戻れるか戻れないかってときに、呆れた!このままでいいの?ユキも、匂い嗅がないこと、解った?それにるいも抱っこするくらい、我慢しなさい!】
さき、怖ーーーーー😱
みんな静かになった。さきに従うよな、たぶん誰よりも正確にこの状況を把握してるからね。
るいが、
【解った、我慢する】
ユキが、
【解った、我慢する】
るいが、
【ユキは何を我慢するの、匂い嗅ぐこと?我慢することなんて言い方しても嬉しいことばかりじゃん!】
ユキが、
【るい、涼さんの魅力解ってないね~ほんと付き合ってるの?この匂いはそうそう出会えないよ】
【ユキ~!許さん!】
【待て待て!喧嘩しても何もならない。

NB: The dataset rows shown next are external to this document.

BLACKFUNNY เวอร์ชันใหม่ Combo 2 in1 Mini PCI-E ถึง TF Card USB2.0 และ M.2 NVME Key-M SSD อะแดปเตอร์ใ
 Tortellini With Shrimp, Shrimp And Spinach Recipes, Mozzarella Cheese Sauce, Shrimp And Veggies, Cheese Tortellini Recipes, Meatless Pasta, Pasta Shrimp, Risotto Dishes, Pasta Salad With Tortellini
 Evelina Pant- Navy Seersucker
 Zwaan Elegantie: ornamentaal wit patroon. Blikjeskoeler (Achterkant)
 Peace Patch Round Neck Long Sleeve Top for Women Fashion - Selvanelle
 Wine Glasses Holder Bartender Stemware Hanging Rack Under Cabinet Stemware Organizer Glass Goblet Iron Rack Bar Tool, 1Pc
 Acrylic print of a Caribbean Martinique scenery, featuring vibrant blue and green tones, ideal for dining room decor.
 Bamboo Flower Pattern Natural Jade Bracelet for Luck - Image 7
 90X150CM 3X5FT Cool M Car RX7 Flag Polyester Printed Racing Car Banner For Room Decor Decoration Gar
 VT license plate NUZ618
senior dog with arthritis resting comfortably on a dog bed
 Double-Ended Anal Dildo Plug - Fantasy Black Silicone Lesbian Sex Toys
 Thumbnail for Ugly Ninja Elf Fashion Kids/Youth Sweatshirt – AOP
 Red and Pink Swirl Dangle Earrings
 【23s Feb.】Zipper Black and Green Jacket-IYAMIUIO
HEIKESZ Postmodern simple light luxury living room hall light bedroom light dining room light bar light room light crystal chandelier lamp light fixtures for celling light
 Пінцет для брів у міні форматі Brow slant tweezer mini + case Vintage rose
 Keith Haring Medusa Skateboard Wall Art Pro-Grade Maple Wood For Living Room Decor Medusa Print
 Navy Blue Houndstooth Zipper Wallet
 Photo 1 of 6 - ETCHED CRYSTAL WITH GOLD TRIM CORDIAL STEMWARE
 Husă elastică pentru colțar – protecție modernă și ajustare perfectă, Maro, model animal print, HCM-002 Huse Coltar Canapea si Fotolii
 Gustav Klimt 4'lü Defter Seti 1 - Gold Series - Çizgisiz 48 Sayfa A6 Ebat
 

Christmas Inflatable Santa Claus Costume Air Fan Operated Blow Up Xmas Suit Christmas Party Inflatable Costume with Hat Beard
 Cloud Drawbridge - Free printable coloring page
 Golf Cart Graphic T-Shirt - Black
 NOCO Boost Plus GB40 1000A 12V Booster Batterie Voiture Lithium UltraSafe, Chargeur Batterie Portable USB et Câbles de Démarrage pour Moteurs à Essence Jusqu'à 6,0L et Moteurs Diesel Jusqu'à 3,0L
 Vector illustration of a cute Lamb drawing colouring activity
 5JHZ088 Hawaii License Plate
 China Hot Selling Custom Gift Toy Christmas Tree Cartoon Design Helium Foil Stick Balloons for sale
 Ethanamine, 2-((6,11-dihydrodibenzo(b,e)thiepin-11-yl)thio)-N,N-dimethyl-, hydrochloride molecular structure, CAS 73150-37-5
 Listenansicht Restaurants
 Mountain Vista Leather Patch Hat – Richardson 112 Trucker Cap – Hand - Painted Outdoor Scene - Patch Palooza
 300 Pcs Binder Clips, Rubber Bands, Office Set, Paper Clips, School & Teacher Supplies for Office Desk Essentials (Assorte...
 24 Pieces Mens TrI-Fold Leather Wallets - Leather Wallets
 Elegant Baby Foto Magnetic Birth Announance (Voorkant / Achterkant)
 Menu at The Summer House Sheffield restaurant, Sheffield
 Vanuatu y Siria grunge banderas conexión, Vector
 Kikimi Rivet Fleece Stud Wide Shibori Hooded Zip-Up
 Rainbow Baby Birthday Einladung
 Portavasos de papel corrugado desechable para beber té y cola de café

とにかくさきさんを信じよう!やってみよう!ね、ほら、るいも抱っこしてあげる。匂いもいいよ、ほら】
るいは、恥ずかしそうに、クンクン。
【汗臭い!何これ!】
何だよ、るい!せっかく抱っこしたのに。
意外と痩せていたんだね。軽かったな。
ユキが、ニヤニヤして、
【じゃ、今度私の番だね、涼さん♥】
るい、激高!
【ユキ、何私の番だねって!それにその♥何!】
【ヤキモチですかー、大人の余裕って欠片もないねー、やだやだ!】
【てんめ〜この、ユキ!】
もう、大変なことの前に、何この二人?
ユキ、こんな正確だった?付き合ってるとき知らなかったよ。女性は凄いね、女優になれるね。